3. Understand the market structure of whatever you are trading. Now, we do get into some traditional technical analysis… and this stuff is useful. I would ask a lot of the questions you might normally ask here: trending or trading range? Overextended or in a pullback? Old trend or coiled for a breakout? It also pays to extend this analysis beyond whatever you are trading to the general group, and then to the broad market. As you can see, these first 3 steps are kind of intertwined.
4. In the context of everything above, look for tradable patterns.

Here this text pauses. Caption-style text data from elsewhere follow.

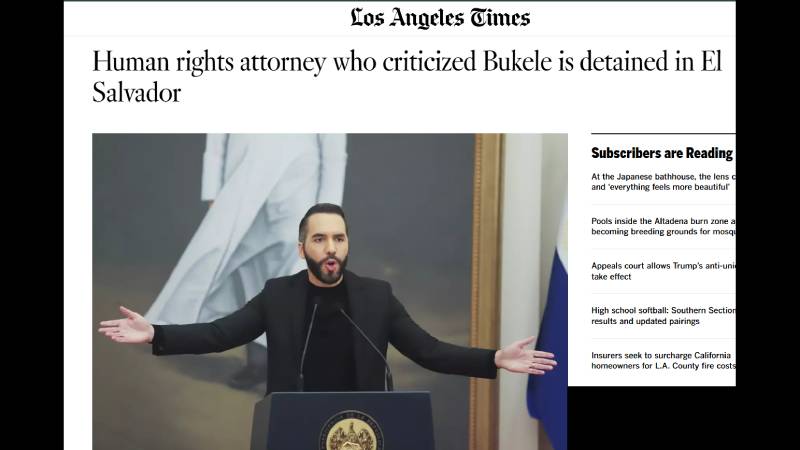Los Ángeles Times-Portadas Internacionales Caso Ruth López
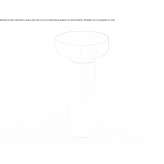 Round washbasin on a single pedestal Albany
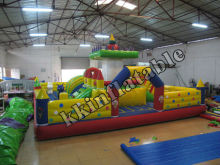 commercial amusement park inflatable castle/jumping fun city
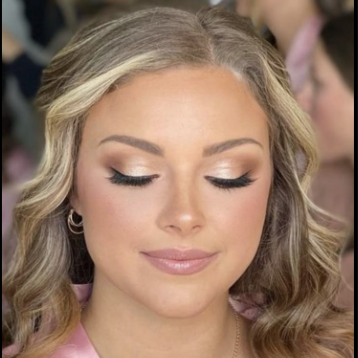 Bridesmaid makeup at VALTHENTIC in Centreville, VA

Understand that this whole process is designed to find those spots where market action is a little less-than-random, and, in that context, high probability patterns are even more so. I would go further, and propose that many of the patterns we identify actually have a very high “win ratio” when they are the result of actual order imbalance in the market. For instance, a stock under heavy accumulation under a breakout level might be a buy over 90% of the time if we could limit our involvement to those times where there was actual accumulation underway. If, however, we simply identify the pattern on charts (say, long lower shadows on candles with a clean and clear overhead resistance level), we might find that the probabilities of the trade working are actually more like 53%. What if the 53% (and I’m making up numbers here, but I think I’m in the ballpark) actually represents two sub-sets of trades: the “normal” cases where such a pattern emerges simply due to the random nature of markets (in which case the win ratio would be exactly 50% over a large enough sample size), and then a much smaller set, where there is a real imbalance of buying pressure, with a much higher win rate? If so, isn’t it worth your time to try to separate out those two sets of trades? This idea could be applied without loss of generality to any technical trading system/pattern/tool or concept.

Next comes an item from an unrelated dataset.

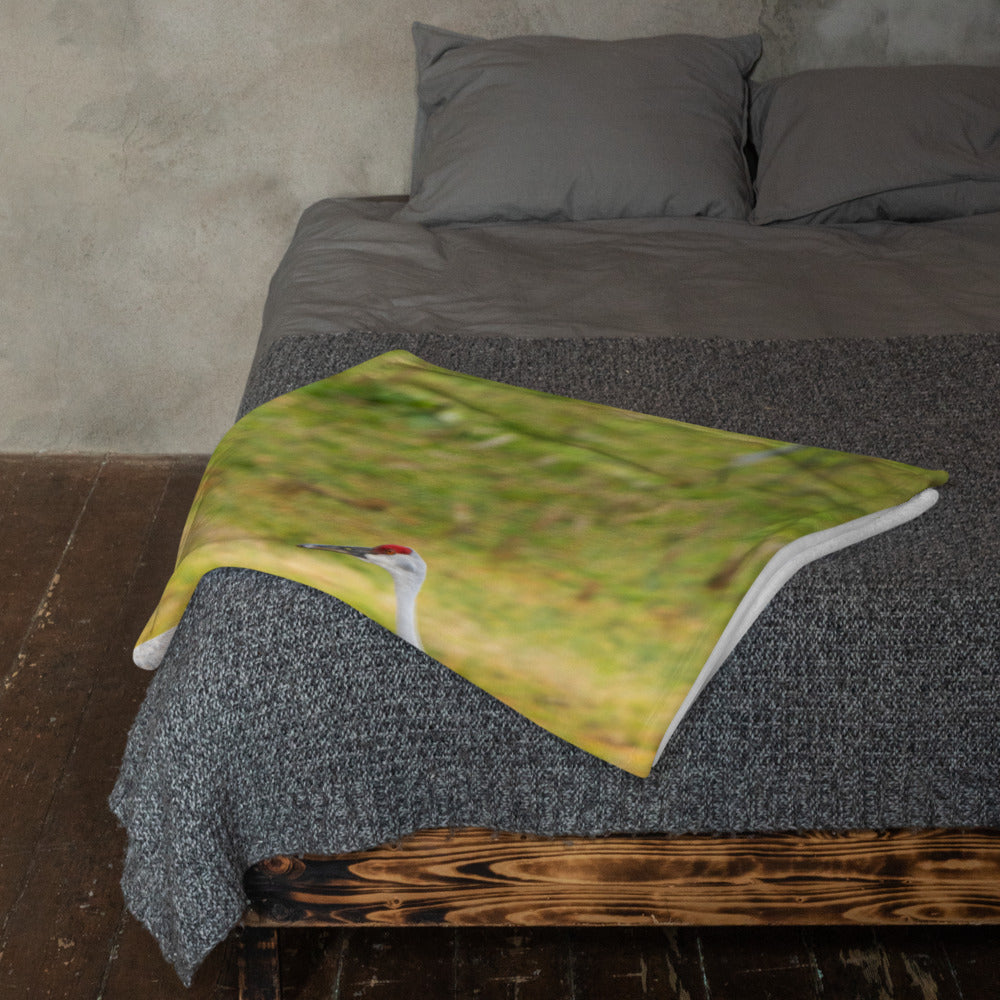 Sandhill Cranes In Harmony Throw Blanket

Lastly, it is important to consider the limitations of a probabilistic approach to the markets. First, there are many cases where traditional probability measures may not apply. (There are many possible reasons for this, which I can’t dig into in this post.) Also, there are traders making money using tools that have no objective, quantifiable edge. For instance, if you ran a systematic version of a moving average crossover system, you would probably break even over a long enough run, but there are very successful traders who claim they rely very heavily on moving average crossovers. How can this be? Well, they would tell you they certainly don’t take every moving average crossover… so here you see that many years of experience probably let these trades go through something like my steps #1-3 intuitively. I think this is where some people say that psychology is the most important aspect of trading, but I would argue that these traders have survived the learning curve, have assimilated the patterns of the market on an intuitive level, and now function on a different level in the market. Psychology is important, but you can’t make money from good psychological control alone — you still have to have a real edge in the market.

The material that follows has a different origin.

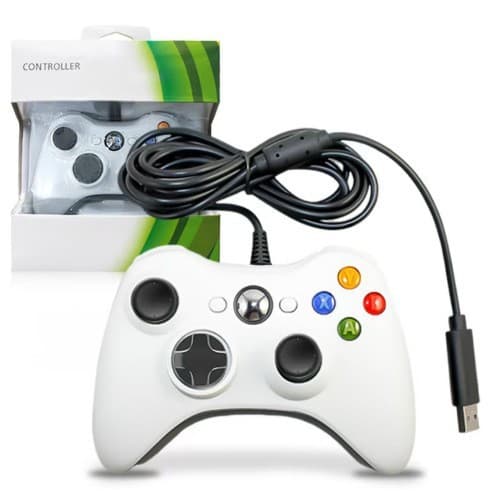 Xbox 360 Wired Dual Shock Game Controller 3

I hope you have been challenged by this series, but not discouraged. (I also hope I didn’t make too many errors in writing these posts, but please feel free to point out any you find and I’ll fix them.) Here at the beginning of a new year, I invite you to take a hard look at what you’re doing, analyze your trades, crunch some numbers, and be sure that you are trading with tools that really have an edge in the market. This is an important part of enduring success and growth as a trader.